A power series ∑aₙ(x − c)ⁿ looks like an infinite polynomial, and you want to treat it like one: differentiate term by term, integrate term by term, substitute x into the series and get a meaningful value. But an infinite sum of functions is a limit — a limit of partial sums Sₙ(x) = ∑ₖ₌₀ⁿ aₖ(x−c)ᵏ — and you know that limits and operations like differentiation don't automatically commute. The question is: when can you treat a power series exactly like a polynomial for purposes of integration and differentiation?
The answer comes from the Weierstrass M-Test, which you already know.

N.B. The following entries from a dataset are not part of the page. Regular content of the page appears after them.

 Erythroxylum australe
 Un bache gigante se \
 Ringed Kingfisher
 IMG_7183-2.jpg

On any closed interval [c−r, c+r] strictly inside the interval of convergence, you can bound each term: |aₙ(x−c)ⁿ| ≤ |aₙ|rⁿ for all x in the interval. Call Mₙ = |aₙ|rⁿ. Since r is strictly less than the radius of convergence, the series ∑Mₙ = ∑|aₙ|rⁿ converges — it is dominated by a convergent geometric-like series. The Weierstrass M-Test then guarantees that ∑aₙ(x−c)ⁿ converges uniformly on [c−r, c+r]. The key word is "closed interval strictly inside" — uniformity can fail at the boundary, which is why you must stay strictly interior.

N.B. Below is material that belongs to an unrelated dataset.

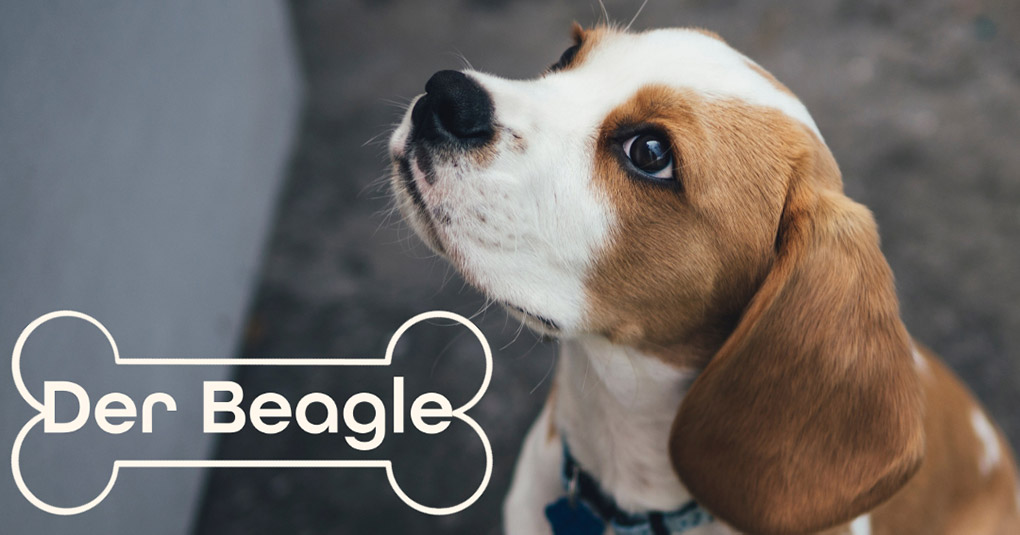 beagle hund bild monkimau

Once you have uniform convergence on compact subintervals, all the interchange theorems apply. You can integrate term by term: ∫∑aₙ(x−c)ⁿ dx = ∑∫aₙ(x−c)ⁿ dx = ∑aₙ(x−c)ⁿ⁺¹/(n+1). You can differentiate term by term: d/dx ∑aₙ(x−c)ⁿ = ∑naₙ(x−c)ⁿ⁻¹. Both operations produce a new power series with the same radius of convergence. This means that on the interior of its disk of convergence, a power series can be differentiated infinitely many times, and each derivative is again a power series. Functions representable by power series are called analytic functions — the most well-behaved class in analysis.

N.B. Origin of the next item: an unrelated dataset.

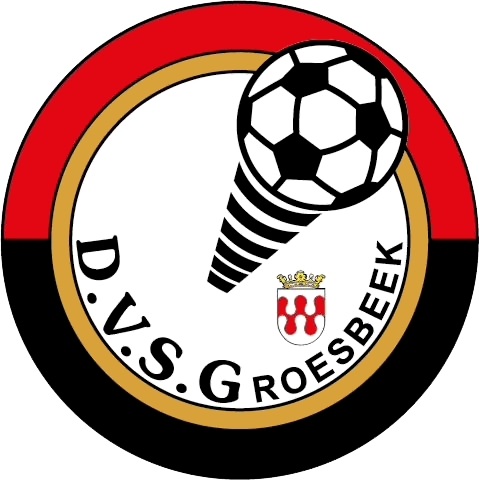 DVSG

This result is the gateway to understanding functions like sin(x), cos(x), and eˣ as infinite polynomials that you can manipulate term by term. When you learned that sin(x) = x − x³/6 + x⁵/120 − ···, you were implicitly using this theorem: the series converges uniformly on any bounded interval, so you can integrate it to get the series for −cos(x), differentiate it to get the series for cos(x), and multiply two such series to get new identities. Every formula involving Taylor series manipulation rests on this foundation.